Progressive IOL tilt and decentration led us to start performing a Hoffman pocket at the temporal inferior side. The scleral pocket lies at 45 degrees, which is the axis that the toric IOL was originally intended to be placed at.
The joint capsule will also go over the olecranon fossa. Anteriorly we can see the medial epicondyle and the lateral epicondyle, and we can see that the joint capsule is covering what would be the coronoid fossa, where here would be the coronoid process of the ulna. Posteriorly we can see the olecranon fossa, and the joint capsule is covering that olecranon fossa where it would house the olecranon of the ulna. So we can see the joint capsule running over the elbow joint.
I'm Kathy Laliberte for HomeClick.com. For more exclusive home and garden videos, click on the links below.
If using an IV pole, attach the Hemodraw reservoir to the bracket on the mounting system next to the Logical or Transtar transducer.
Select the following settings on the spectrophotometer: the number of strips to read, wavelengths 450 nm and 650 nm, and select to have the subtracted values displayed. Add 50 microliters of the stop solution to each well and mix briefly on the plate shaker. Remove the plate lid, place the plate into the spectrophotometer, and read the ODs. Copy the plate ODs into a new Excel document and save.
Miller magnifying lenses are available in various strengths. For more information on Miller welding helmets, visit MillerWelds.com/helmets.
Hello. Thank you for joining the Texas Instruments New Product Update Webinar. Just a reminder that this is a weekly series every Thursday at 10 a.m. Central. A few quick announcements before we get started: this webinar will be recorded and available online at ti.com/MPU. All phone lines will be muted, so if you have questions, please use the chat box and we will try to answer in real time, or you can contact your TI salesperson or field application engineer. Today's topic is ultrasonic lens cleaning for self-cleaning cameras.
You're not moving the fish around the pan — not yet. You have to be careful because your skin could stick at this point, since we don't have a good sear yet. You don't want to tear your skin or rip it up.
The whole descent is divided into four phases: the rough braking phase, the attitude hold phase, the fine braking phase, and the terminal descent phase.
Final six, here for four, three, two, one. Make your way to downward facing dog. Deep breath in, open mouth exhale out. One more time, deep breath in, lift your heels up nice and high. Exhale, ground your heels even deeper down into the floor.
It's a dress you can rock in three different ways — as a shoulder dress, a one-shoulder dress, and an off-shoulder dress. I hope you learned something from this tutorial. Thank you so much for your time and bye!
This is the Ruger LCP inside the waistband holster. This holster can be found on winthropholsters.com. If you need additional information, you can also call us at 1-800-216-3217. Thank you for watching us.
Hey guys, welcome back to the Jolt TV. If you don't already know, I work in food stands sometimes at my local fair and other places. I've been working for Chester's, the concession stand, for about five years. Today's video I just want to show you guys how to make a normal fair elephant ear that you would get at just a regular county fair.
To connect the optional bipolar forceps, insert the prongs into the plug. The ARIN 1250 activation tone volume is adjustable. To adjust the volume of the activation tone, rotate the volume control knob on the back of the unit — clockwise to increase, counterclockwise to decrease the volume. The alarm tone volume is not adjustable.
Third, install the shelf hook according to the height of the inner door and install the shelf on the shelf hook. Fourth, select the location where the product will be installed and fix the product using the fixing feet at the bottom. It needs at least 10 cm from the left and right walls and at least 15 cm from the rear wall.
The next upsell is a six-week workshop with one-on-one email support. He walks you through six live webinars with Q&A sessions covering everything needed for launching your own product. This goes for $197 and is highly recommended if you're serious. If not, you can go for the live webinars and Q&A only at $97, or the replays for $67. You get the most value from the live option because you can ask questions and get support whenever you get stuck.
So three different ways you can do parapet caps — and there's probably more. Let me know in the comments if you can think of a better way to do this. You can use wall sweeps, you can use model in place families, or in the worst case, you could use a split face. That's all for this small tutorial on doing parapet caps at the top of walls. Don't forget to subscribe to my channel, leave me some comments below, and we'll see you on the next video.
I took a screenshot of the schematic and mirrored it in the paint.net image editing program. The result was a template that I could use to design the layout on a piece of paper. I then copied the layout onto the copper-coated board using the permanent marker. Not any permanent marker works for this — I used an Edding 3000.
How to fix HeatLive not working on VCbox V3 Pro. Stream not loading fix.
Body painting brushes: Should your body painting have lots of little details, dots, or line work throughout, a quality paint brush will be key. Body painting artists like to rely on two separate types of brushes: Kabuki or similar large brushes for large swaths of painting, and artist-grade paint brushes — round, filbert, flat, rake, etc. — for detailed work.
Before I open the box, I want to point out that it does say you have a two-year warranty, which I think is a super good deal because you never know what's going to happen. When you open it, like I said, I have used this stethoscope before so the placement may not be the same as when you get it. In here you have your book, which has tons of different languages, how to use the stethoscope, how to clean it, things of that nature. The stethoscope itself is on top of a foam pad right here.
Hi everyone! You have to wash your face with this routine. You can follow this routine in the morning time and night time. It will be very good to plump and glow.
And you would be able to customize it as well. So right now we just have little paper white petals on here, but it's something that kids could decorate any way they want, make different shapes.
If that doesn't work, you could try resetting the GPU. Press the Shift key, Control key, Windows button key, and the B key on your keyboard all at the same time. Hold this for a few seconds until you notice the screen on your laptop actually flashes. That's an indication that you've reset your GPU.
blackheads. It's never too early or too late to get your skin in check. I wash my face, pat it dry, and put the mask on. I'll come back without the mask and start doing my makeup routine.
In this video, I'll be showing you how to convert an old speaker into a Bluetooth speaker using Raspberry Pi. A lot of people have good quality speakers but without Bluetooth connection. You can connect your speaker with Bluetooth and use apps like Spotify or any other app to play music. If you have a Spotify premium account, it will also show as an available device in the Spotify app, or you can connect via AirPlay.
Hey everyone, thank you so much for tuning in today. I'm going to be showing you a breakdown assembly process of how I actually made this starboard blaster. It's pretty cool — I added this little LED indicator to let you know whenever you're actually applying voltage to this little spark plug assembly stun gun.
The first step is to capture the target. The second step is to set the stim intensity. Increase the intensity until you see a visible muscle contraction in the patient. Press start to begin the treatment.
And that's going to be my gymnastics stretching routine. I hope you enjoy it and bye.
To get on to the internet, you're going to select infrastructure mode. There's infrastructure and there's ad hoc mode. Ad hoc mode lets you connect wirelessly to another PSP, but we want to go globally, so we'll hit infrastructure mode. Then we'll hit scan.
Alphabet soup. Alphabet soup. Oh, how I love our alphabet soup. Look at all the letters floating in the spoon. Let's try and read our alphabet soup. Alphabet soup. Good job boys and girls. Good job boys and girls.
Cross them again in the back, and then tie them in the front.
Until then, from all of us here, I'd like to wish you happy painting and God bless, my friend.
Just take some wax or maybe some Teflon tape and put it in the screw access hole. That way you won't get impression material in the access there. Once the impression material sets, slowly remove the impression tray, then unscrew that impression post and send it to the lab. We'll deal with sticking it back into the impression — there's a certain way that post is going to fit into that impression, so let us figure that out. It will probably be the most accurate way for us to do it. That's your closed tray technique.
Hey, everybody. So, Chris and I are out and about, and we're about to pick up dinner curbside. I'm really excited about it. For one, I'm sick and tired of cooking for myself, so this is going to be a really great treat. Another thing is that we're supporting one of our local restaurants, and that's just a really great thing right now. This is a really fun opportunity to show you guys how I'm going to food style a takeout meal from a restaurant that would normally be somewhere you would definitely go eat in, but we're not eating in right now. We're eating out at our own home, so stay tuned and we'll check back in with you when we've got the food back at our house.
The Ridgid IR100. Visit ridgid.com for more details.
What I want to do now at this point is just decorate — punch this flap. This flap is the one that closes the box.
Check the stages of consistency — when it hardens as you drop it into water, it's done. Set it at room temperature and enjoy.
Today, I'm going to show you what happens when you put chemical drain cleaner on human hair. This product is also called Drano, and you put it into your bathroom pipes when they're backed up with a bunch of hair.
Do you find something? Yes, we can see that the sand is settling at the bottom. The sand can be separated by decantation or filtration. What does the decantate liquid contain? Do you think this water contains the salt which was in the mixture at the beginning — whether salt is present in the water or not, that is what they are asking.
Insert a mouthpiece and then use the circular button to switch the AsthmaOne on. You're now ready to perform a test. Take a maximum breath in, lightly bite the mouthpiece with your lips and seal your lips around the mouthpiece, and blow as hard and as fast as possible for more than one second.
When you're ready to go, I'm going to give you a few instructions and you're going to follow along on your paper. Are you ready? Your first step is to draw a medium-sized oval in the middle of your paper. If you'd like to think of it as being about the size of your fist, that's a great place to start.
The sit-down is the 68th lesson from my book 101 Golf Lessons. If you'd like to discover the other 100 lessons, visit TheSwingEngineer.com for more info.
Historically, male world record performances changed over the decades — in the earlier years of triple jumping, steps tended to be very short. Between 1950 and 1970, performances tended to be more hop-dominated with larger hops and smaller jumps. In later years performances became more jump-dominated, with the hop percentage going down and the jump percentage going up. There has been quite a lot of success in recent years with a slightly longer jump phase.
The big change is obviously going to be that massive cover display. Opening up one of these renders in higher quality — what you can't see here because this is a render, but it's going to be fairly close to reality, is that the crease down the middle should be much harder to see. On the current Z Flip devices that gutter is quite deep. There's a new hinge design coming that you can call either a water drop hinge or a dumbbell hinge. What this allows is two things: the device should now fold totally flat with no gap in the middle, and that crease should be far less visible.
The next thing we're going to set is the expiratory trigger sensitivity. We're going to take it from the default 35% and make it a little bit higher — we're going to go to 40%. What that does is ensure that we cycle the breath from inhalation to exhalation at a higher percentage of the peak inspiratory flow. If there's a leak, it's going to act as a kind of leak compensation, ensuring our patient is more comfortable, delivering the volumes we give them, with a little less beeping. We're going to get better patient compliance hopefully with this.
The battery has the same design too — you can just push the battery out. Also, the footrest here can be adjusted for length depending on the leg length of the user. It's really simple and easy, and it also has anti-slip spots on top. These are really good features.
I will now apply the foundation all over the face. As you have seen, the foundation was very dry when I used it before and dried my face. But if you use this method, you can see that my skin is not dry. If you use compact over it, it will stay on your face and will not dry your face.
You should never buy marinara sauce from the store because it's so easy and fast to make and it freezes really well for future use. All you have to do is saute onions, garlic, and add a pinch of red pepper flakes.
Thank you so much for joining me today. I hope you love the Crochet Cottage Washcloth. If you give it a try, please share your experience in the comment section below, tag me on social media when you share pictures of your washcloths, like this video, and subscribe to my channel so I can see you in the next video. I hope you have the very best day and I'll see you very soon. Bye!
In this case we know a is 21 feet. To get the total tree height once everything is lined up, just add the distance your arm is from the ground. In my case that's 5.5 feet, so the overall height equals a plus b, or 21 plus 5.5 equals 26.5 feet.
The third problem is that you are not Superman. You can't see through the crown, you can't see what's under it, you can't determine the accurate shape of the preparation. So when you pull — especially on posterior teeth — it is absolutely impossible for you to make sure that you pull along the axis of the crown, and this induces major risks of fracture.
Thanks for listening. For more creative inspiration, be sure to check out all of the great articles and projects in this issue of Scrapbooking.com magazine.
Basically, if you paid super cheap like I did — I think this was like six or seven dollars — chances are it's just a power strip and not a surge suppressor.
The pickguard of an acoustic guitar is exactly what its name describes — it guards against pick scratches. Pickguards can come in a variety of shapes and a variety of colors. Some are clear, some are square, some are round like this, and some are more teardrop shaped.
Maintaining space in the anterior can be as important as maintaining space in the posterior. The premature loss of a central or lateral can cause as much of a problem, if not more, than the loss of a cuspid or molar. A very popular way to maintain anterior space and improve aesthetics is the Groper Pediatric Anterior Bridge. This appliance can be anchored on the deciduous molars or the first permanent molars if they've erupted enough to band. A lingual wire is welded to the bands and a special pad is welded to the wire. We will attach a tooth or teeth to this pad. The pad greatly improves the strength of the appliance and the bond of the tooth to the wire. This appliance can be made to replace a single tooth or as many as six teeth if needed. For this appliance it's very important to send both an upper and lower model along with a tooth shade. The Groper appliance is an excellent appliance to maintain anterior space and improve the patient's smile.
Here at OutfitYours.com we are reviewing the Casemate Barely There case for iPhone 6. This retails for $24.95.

## What you are asked to do
In the listing above, count the lines where the string "wall" occurs, then give that count and nothing else.

## Solution for this problem
2